Task to carry out: Please print the data that follows, keeping every line exact.

(Short text fragments from websites)
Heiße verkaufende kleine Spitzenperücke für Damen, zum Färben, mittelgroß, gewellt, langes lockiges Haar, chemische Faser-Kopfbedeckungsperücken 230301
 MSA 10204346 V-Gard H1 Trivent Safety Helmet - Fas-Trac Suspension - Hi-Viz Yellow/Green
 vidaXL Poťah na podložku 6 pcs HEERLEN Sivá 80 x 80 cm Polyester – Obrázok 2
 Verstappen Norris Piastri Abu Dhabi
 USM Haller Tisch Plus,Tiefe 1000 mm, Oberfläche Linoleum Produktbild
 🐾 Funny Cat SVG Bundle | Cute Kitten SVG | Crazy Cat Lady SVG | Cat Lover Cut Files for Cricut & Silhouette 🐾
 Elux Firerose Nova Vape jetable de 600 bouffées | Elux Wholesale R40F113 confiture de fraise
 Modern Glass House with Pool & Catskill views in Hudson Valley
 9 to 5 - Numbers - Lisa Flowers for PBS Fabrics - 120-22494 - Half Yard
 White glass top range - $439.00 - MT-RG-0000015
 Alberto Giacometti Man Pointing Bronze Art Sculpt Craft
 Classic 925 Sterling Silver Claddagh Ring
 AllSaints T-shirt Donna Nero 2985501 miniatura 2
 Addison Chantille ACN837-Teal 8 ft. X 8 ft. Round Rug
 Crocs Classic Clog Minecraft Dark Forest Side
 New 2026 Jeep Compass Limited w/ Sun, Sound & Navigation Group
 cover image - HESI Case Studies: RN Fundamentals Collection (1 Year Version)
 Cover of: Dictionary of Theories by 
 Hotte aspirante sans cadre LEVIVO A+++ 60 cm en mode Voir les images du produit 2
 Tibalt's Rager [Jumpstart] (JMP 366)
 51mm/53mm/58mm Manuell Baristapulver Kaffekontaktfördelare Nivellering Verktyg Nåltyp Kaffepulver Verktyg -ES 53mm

Solution to this problem:
Heiße verkaufende kleine Spitzenperücke für Damen, zum Färben, mittelgroß, gewellt, langes lockiges Haar, chemische Faser-Kopfbedeckungsperücken 230301
 MSA 10204346 V-Gard H1 Trivent Safety Helmet - Fas-Trac Suspension - Hi-Viz Yellow/Green
 vidaXL Poťah na podložku 6 pcs HEERLEN Sivá 80 x 80 cm Polyester – Obrázok 2
 Verstappen Norris Piastri Abu Dhabi
 USM Haller Tisch Plus,Tiefe 1000 mm, Oberfläche Linoleum Produktbild
 🐾 Funny Cat SVG Bundle | Cute Kitten SVG | Crazy Cat Lady SVG | Cat Lover Cut Files for Cricut & Silhouette 🐾
 Elux Firerose Nova Vape jetable de 600 bouffées | Elux Wholesale R40F113 confiture de fraise
 Modern Glass House with Pool & Catskill views in Hudson Valley
 9 to 5 - Numbers - Lisa Flowers for PBS Fabrics - 120-22494 - Half Yard
 White glass top range - $439.00 - MT-RG-0000015
 Alberto Giacometti Man Pointing Bronze Art Sculpt Craft
 Classic 925 Sterling Silver Claddagh Ring
 AllSaints T-shirt Donna Nero 2985501 miniatura 2
 Addison Chantille ACN837-Teal 8 ft. X 8 ft. Round Rug
 Crocs Classic Clog Minecraft Dark Forest Side
 New 2026 Jeep Compass Limited w/ Sun, Sound & Navigation Group
 cover image - HESI Case Studies: RN Fundamentals Collection (1 Year Version)
 Cover of: Dictionary of Theories by 
 Hotte aspirante sans cadre LEVIVO A+++ 60 cm en mode Voir les images du produit 2
 Tibalt's Rager [Jumpstart] (JMP 366)
 51mm/53mm/58mm Manuell Baristapulver Kaffekontaktfördelare Nivellering Verktyg Nåltyp Kaffepulver Verktyg -ES 53mm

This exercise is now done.